His eyes raise above his book top and he smiles a perfectly receptive smile, though the older attendant never looks at me. He may only wait on other Greeks.
“Okay,” the boy says before I can explain the whole situation and how little I’ll be satisfied with. “I’ll do it. Duct tape okay?” He looks back with interest to his page. He’s near the end, where Meyer Wolfsheim says, “When a man gets killed I never like to get mixed up in it in any way. I keep out.” Sound advice.
“Great,” I say. “I’ll head over to the Manasquan and try the cocktails.” I offer a nod of trust that promises a big tip.
“Leave me them keys.” He’s wearing a blue mechanic’s shirt with a white patch that says Chris in red cursives. Likely he’s a Monmouth College student on Thanksgiving break, the first of his immigrant family to blub, blub, blub. I’m tempted to poll his views about Jay Gatz. Victim? Ill-starred innocent? Gray-tinged antihero? Or all three at once, vividly registering Fitzgerald’s glum assessment of our century’s plight — now blessedly at an end. The “boats against the current, borne back ceaselessly into the past” imagery is at odds with the three boats imagery of the old Nick Carraway doppelganger, Wade. It’s possible of course that as a modern student, Chris doesn’t subscribe to the author concept per se. I, however, still do.
Keys handed off, I head across the drizzly gravel lot to the Old Squatters né Manasquan, heartened that the time-honored shade-tree way of doing business “While-U-Wait” is still a tradition in this part of our state — among immigrants anyway — and hasn’t caved in to the franchise volume-purchasing-power mentality that only knows “that’s on back order” or “the manufacturer stopped making those”—the millennial free-enterprise canon in which the customer’s a bit-part player to the larger drama of gross accumulation (what the Republicans want for us, though the liars say they don’t).
Dense, good bar smell meets me when I step inside, surprising for being the exact aroma I remember — stale beer, cigarette smoke, boat tar, urinal soap, popcorn, wax for the leather banquettes, and floor-sweep granules — a positive, good-prospects smell, though probably best appreciated by men my age.

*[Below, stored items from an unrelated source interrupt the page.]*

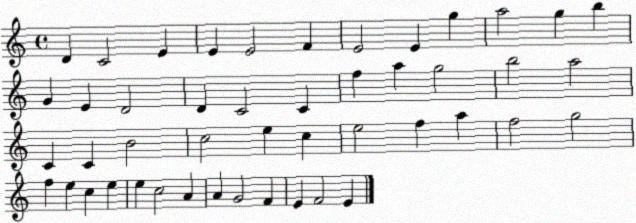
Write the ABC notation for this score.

X:1
T:Untitled
M:4/4
L:1/4
K:C
D C2 E E E2 F E2 E g a2 g b G E D2 D C2 C f a g2 b2 a2 C C B2 c2 e c e2 f a f2 g2 f e c e e c2 A A G2 F E F2 E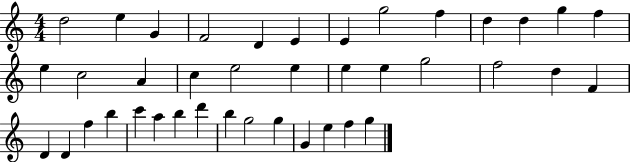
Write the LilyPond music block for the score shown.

{
  \clef treble
  \numericTimeSignature
  \time 4/4
  \key c \major
  d''2 e''4 g'4 | f'2 d'4 e'4 | e'4 g''2 f''4 | d''4 d''4 g''4 f''4 | \break e''4 c''2 a'4 | c''4 e''2 e''4 | e''4 e''4 g''2 | f''2 d''4 f'4 | \break d'4 d'4 f''4 b''4 | c'''4 a''4 b''4 d'''4 | b''4 g''2 g''4 | g'4 e''4 f''4 g''4 | \break \bar "|."
}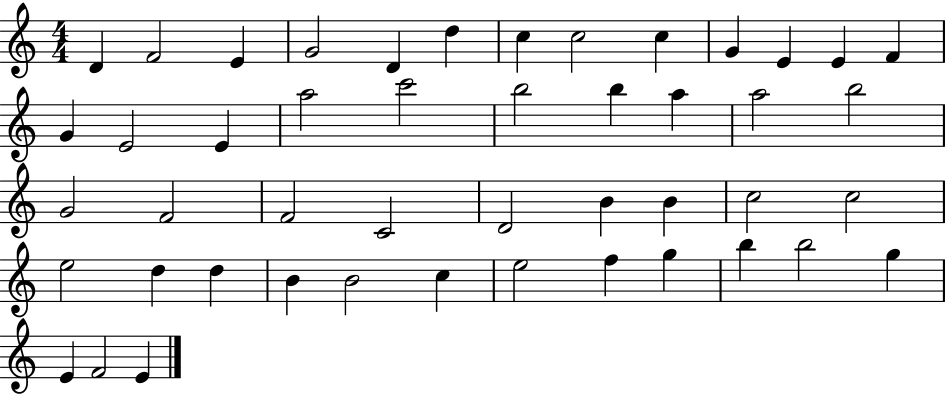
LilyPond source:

{
  \clef treble
  \numericTimeSignature
  \time 4/4
  \key c \major
  d'4 f'2 e'4 | g'2 d'4 d''4 | c''4 c''2 c''4 | g'4 e'4 e'4 f'4 | \break g'4 e'2 e'4 | a''2 c'''2 | b''2 b''4 a''4 | a''2 b''2 | \break g'2 f'2 | f'2 c'2 | d'2 b'4 b'4 | c''2 c''2 | \break e''2 d''4 d''4 | b'4 b'2 c''4 | e''2 f''4 g''4 | b''4 b''2 g''4 | \break e'4 f'2 e'4 | \bar "|."
}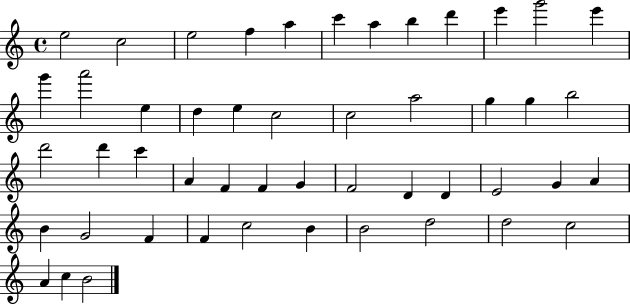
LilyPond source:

{
  \clef treble
  \time 4/4
  \defaultTimeSignature
  \key c \major
  e''2 c''2 | e''2 f''4 a''4 | c'''4 a''4 b''4 d'''4 | e'''4 g'''2 e'''4 | \break g'''4 a'''2 e''4 | d''4 e''4 c''2 | c''2 a''2 | g''4 g''4 b''2 | \break d'''2 d'''4 c'''4 | a'4 f'4 f'4 g'4 | f'2 d'4 d'4 | e'2 g'4 a'4 | \break b'4 g'2 f'4 | f'4 c''2 b'4 | b'2 d''2 | d''2 c''2 | \break a'4 c''4 b'2 | \bar "|."
}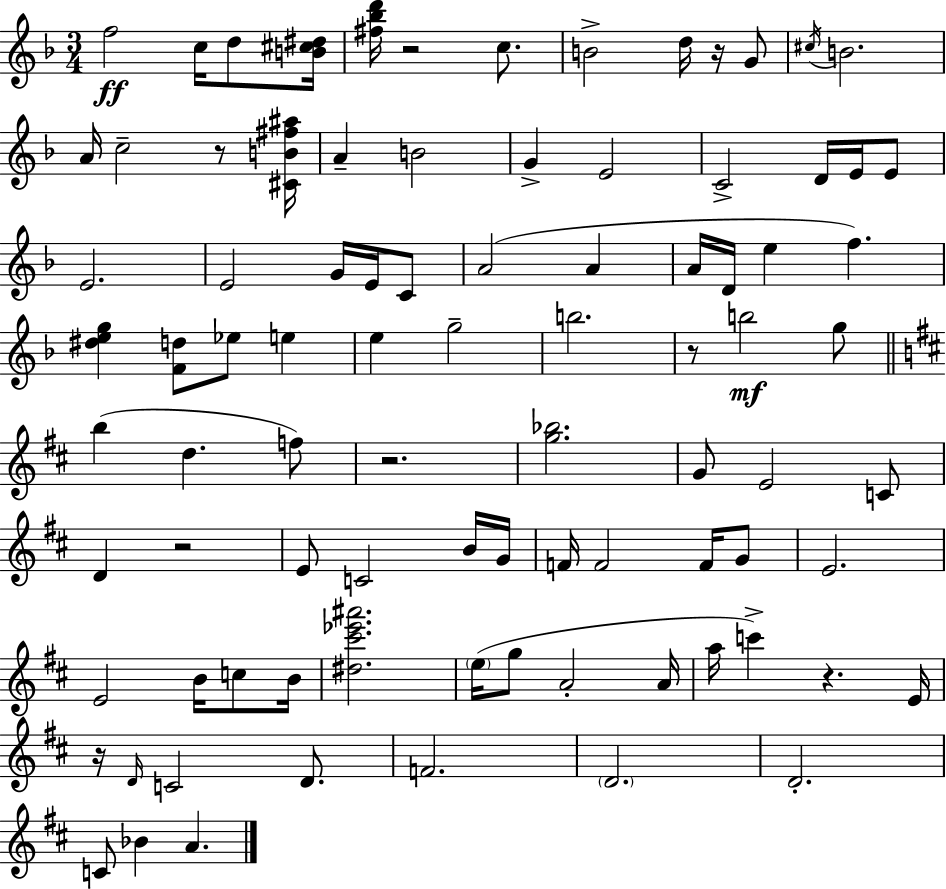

The dark-cornered, barny old room looks the same as when Ernie McAuliffe pounded his fists on the table and racketed on about Ruskies — the long-raftered ceiling, the long bar down the right side, back-lit with fuzzed red and blue low-lights and ranked rows of every kind of cheap hooch you’d dream of, all reflected in a smoky mirror on which the management has taped a smiling cartoon turkey with a cartoon Pilgrim pointing a musket at it. Two patrons sit at a table at the booth-lined rear wall. There’s a tiny square linoleum dance floor, where no one ever danced in my day, and hung above it a mirror-faceted disco ball useful when things are jumping, which I don’t remember ever being the case. Once the Manasquan served a decent broasted-chicken basket and a popcorn-shrimp platter. But no one’s eating, and no food smell’s in the atmosphere. The swinging chrome doors to the kitchen are barred and padlocked.